Simon, Simon, behold, Satan demanded to have you, that he might sift you like wheat, but I have prayed for you that your faith may not fail. And when you have turned again, strengthen your brothers (Luke 22:31-32).

When we struggle or become weak, Jesus prays for us too that we will not fail. Sometimes the candle might seem like it is almost out and only smouldering, but instead of snuffing us out he breathes his Spirit on us to strengthen us so we too, like Peter, can strengthen others.

Pixabay
Pixabay

I wonder if Peter’s mind was cast back to that moment all those years ago when he wrote the words of the verse from his epistle that we have been looking at together.
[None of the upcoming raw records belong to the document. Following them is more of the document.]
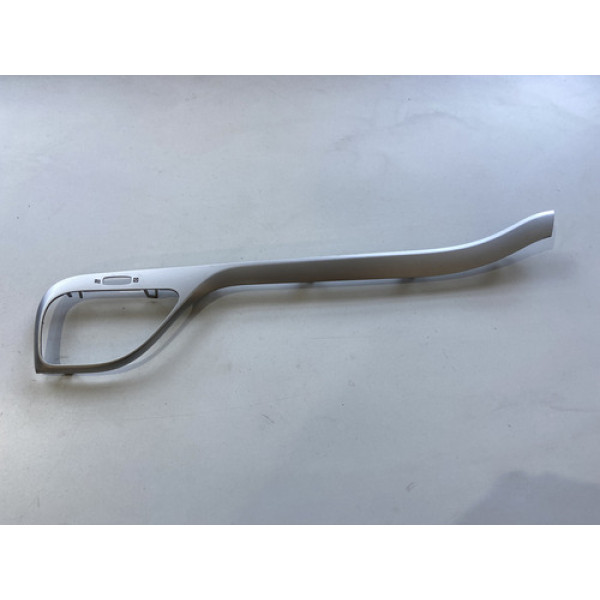 Moldura Difusor Esquerdo Fiat Freemont 2.4 2011 2012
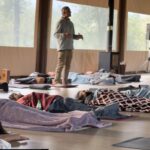 Aula de Yoga com Pedro Kupfer e a turma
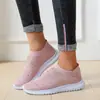 Zapatos de mujer de suela blanda para comercio exterior, transpirables, con cinta voladora, de malla con pedrería, zapatos para caminar para madres de mediana edad y ancianos, zapatos casuales, malla para mujer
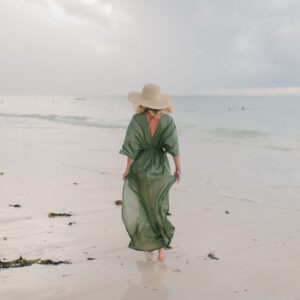 Frau am Strand mit langem Kleid
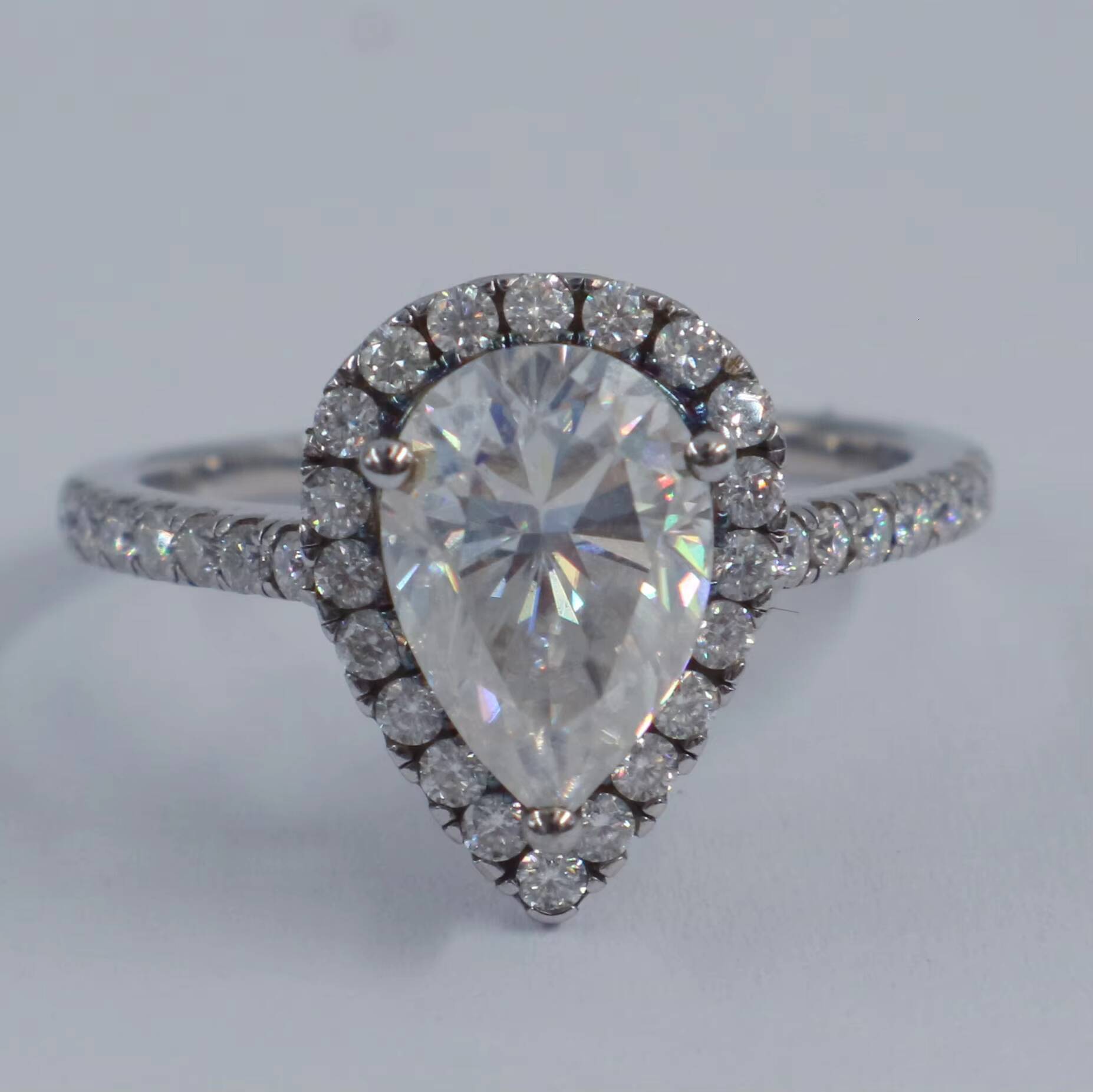 Wholesale Stock Sterling Silver 925 Fine Jewelry Engagement Ring IGI Certificate VVS Pear Cut Pave Setting Moissanite Ring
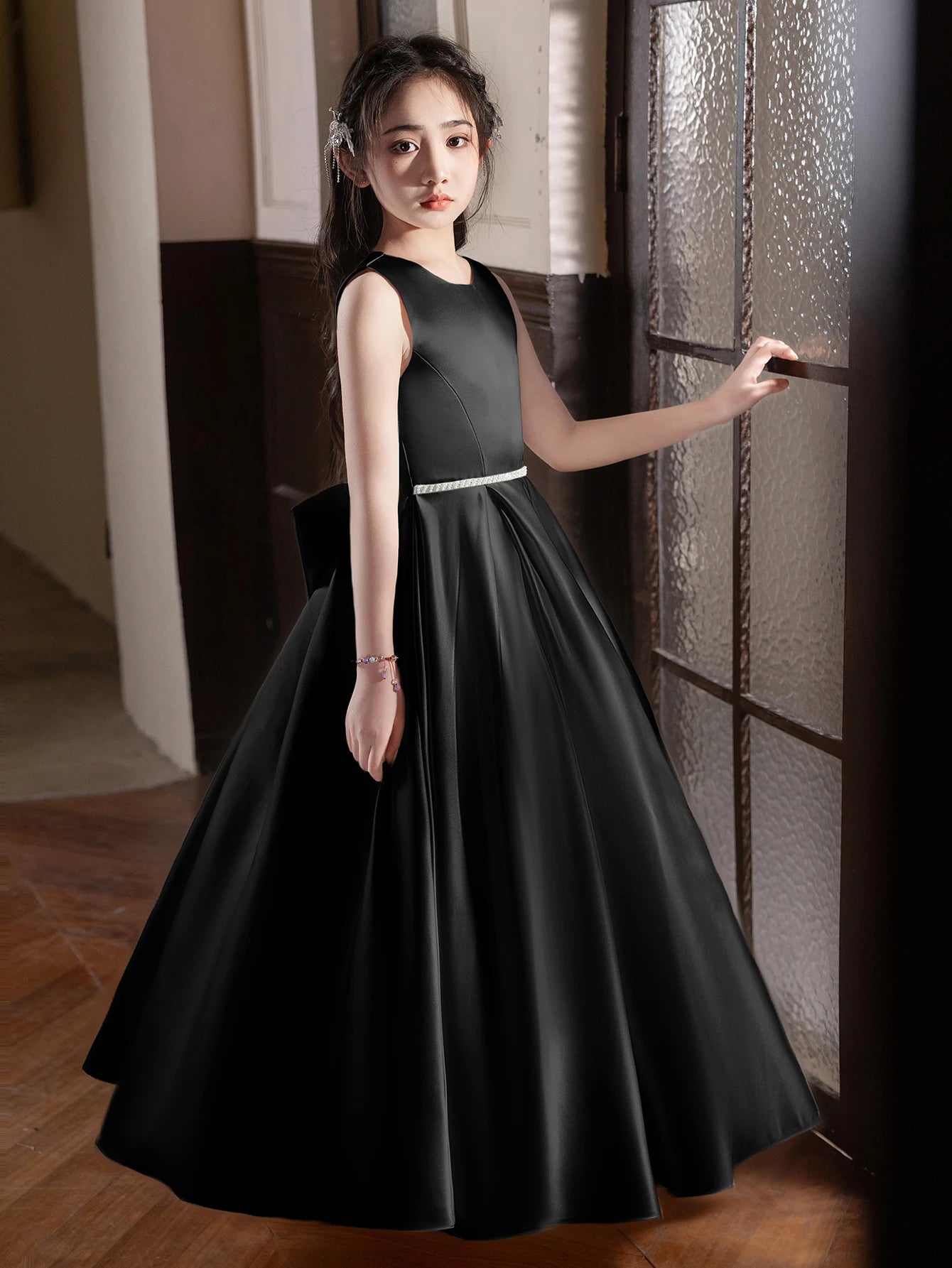 Black Long Dress For Teenage Big Bow Bridesmaid Dress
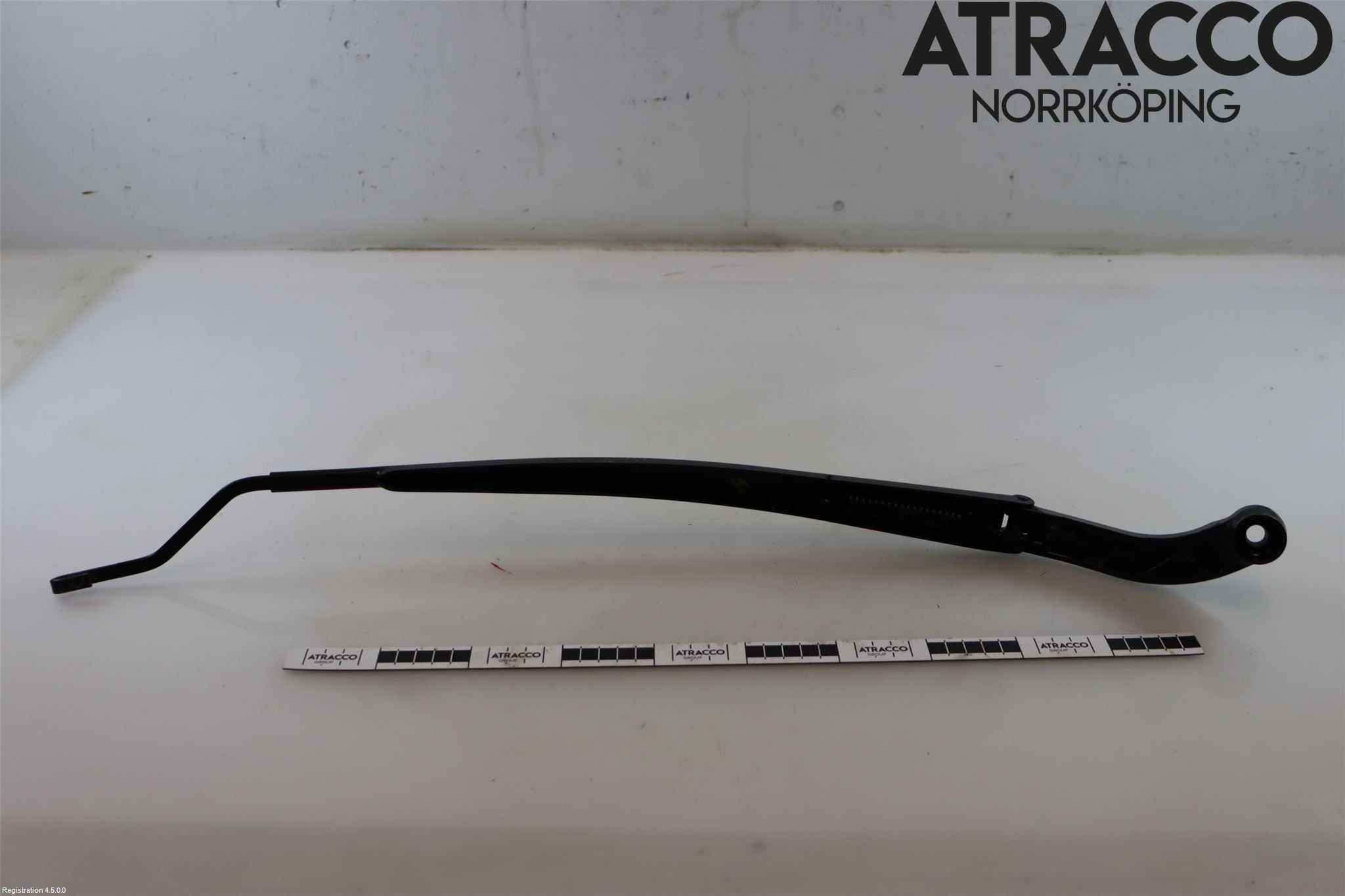 Toyota RAV4 19- Torkararm Armar Vindruta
One thing we do know is he used exactly the same Greek word Jesus did when he promised him all those years ago that his fall would not be final:

And after you have suffered a little while, the God of all grace, who has called you to his eternal glory in Christ, will himself restore, confirm, strengthen, and establish you (1 Peter 5:10).

If you are faltering, God promises to make you firm.  He does that often through the means of others. Even as you are still feeling weak, but beginning to be strengthened, ask yourself: Who can I strengthen today?

It is said of the Apostle Paul that he went about from place to place, “strengthening all the disciples” (Acts 18:23).  Similarly, it is said of Jonathan that he went to David, when he was being pursued by Saul and “helped him find strength in God” (1 Sam 23:16, NIV).

Don’t try and help someone find strength in themselves.  Don’t tell them to pull their socks up. Don’t try and get them to put on a brave face. Tenderly, acknowledging their weaknesses, lead them back to the God who is the true source of strength.